Intanto, anche la Cina è preoccupata per la instabilità della crisi in Myanmar. L’ambasciatore cinese all’Onu, Zhang Jun, ha dichiarato che spera si “ripristini presto la pace, la stabilità e l’ordine costituzionale e continui la sua transizione democratica nel Paese”. E ha sottolineato che Pechino non è disposto ad approvare sanzioni contro la giunta militare che “aggraverebbero ulteriormente la situazione”.

“La richiesta di sanzioni o altre misure coercitive non faranno che aggravare la tensione e complicherebbero ulteriormente la situazione – ha aggiunto Zhang -. Mantenere la pace e la stabilità in Myanmar è nell’interesse della comunità internazionale. Se il Paese dovesse scivolare in una prolungata turbolenza, sarebbe un disastro per la regione”.

“Ci auguriamo che tutte le parti in Myanmar possano mantenere la calma, esercitare moderazione e intraprendere azioni con un atteggiamento costruttivo per allentare le tensioni”, ha aggiunto.

Intanto nel Paese sta mettendo lo zampino la Russia. Quando la giunta militare ha celebrato la Giornata delle forze armate nella capitale Naypyidaw con una parata con carri armati, missili e aerei militari, non mancavano i MiG-29 di fabbricazione russa.

Sette paesi asiatici hanno inviato delegazioni di basso profilo all’evento ospitato dal generale Min Aung Hlaing. Ma il funzionario più alto in grado a presenziare veniva da lontano, come racconta il Financial Times: si trattava di Alexander Fomin, vice ministro della Difesa russo.

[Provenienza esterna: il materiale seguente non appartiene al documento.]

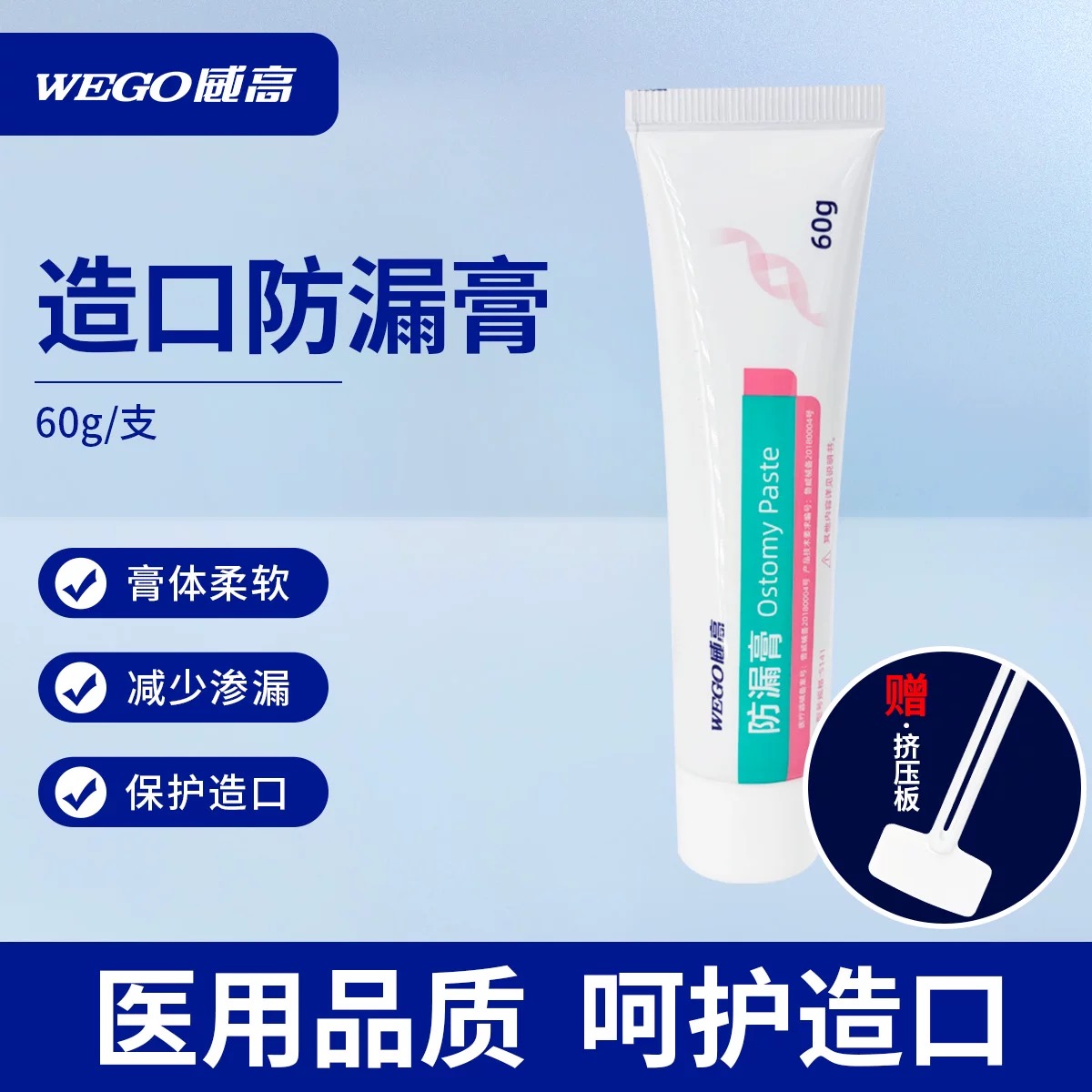 【WEGO威高】洁瑞造口防漏膏造口填平皮肤护理用品附件医院同款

La Russia si sta infilando in un vuoto diplomatico creato dalle altre principali potenze mondiali, che non hanno ancora deciso se (e in che modo) relazionarsi con la giunta golpista. L’atteggiamento di Mosca fa eco alla sua decisione del 2015 di prestare sostegno militare al regime paria del presidente Bashar al-Assad in Siria, contribuendo a ribaltare le sorti della guerra civile a favore del dittatore.

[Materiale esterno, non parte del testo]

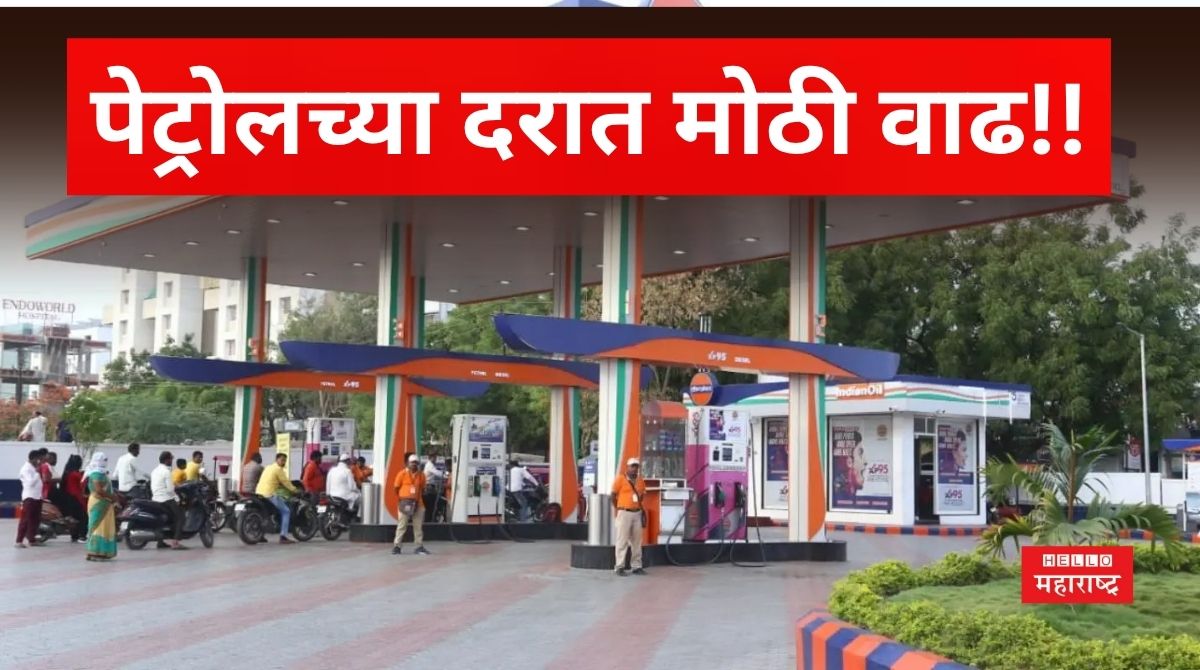 Petrol Price Hike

“In termini di apparenza, sì, è un grande dito medio all’Occidente. Un modo di dire ‘noi possiamo fare quello che vogliamo’”, ha detto Alexander Gabuev del Carnegie Moscow Center, commentando la decisione di inviare un alto funzionario a Naypyidaw.

La mossa di Mosca è opportunistica, guidata anche dall’obiettivo di vendere armi. I legami della Russia con il Myanmar risalgono all’ex regime militare e sono continuati durante il decennio di democrazia. Mosca ha puntato su legami politici ed economici più stretti con i paesi asiatici da quando è sotto sanzioni per l’annessione della Crimea.

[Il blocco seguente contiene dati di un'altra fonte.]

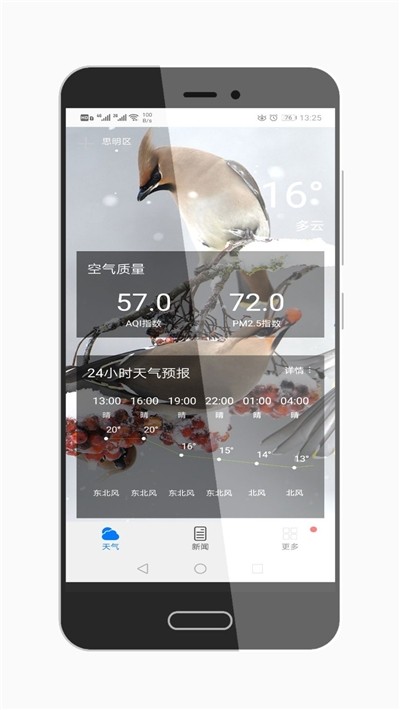 VR天气预报app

Il vice-ministro Fomin ha rapporti di lunga data con i funzionari del Myanmar grazie al suo precedente lavoro come capo del dipartimento di cooperazione tecnico-militare del ministero della Difesa. Ha contribuito a vendere parte delle armi russe esposte nella parata birmana.

Secondo lo Stockholm International Peace Research Institute – citato da FT – la Russia è il secondo più grande fornitore di armi del Myanmar dopo la Cina. L’esercito birmano è in attesa della consegna di sei caccia Sukhoi Su-30 ordinati nel 2019, e le due parti a gennaio hanno firmato contratti per un sistema di difesa aerea russo e una suite di droni di sorveglianza tattica.